Não se deve fechar os olhos à realidade ideológica e social que nos cerca. Antes faremos bem encarando-a de frente com corajosa serenidade. Não poderemos tirar muitas conclusões favoráveis a nossos princípios, diante do humanismo privado da luz de Deus. Mas agora urge responder à pergunta que fizemos, e que convém repetirmos no íntimo de nossa consciência: Pode o homem hoje ser verdadeiramente cristão? Pode o cristão ser santo (no sentido bíblico do termo)? Pode nossa fé ser realmente um princípio de vida concreta e moderna? Pode ainda um povo, uma sociedade, uma comunidade pelo menos, exprimir-se em formas autenticamente cristãs?
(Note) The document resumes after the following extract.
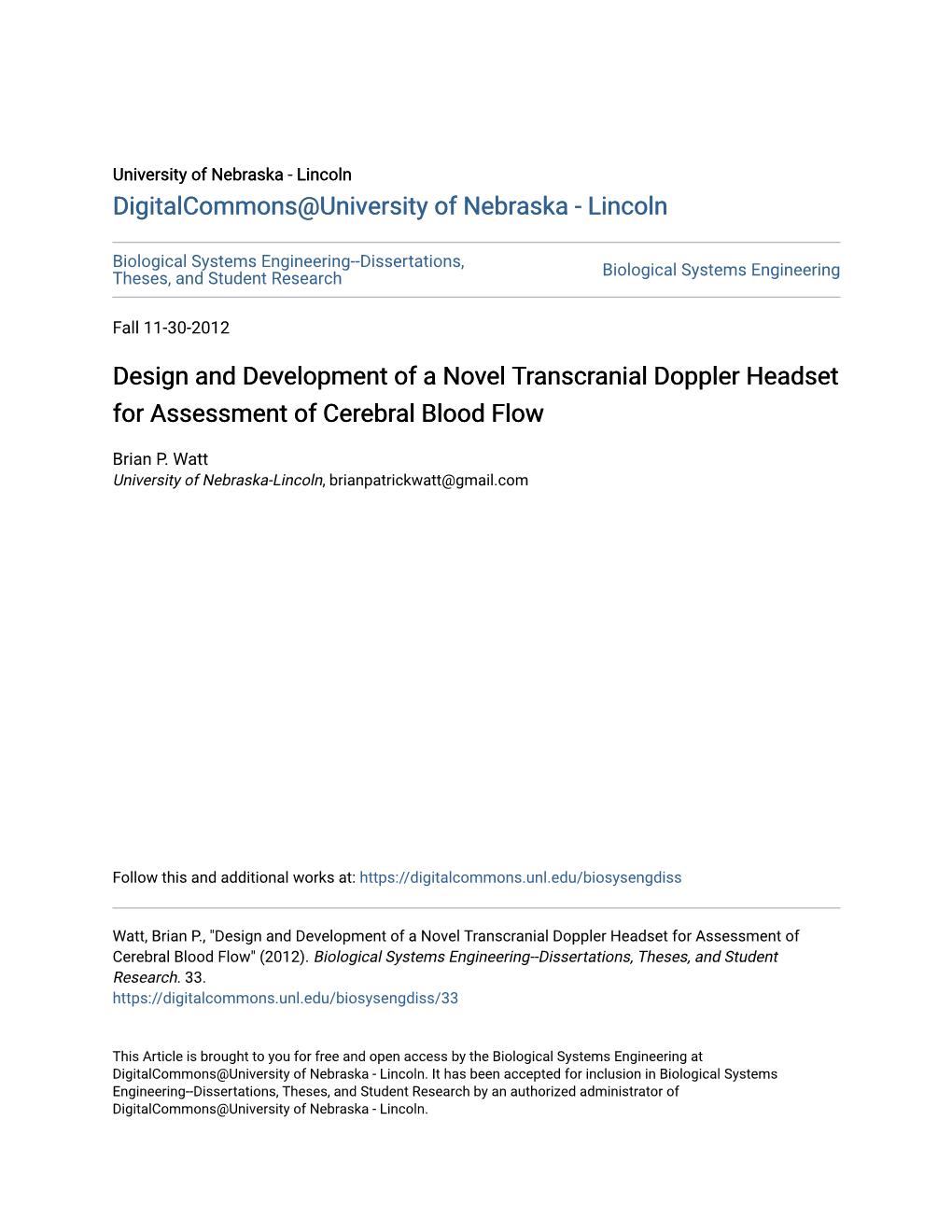 Design and Development of a Novel Transcranial Doppler Headset for Assessment of Cerebral Blood Flow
Eis, caros filhos, uma boa ocasião para pormos imediatamente em ação nossa fé. Respondamos que sim. Nada nos deve atemorizar nem deter. É de santa Teresa as palavras: "Nada te espanta". Repitamos a nós mesmos as palavras de são Paulo aos romanos: "Se confessares com os lábios o Senhor Jesus, e se creres no coração que Deus o ressuscitou dos mortos, serás salvo" (Rom 10,11). Eis a bússola. No mar sem fé e agitado do mundo presente, guardemos esta suprema rota: Jesus Cristo. Ele luz do mundo e de nossa vida, infunde em nossos corações duas certezas imediatas fundamentais, uma sobre Deus, outra sobre o homem. Uma e outra a promover com total dedicação de amor. Assim nada temeremos: "Quem nos separará do amor do Cristo? A tribulação, a fome, a angústia, a nudez, o perigo, a perseguição, a espada?... Em tudo isso somos mais que vencedores, por obra daquele que nos amou" (Rom 8, 35-37).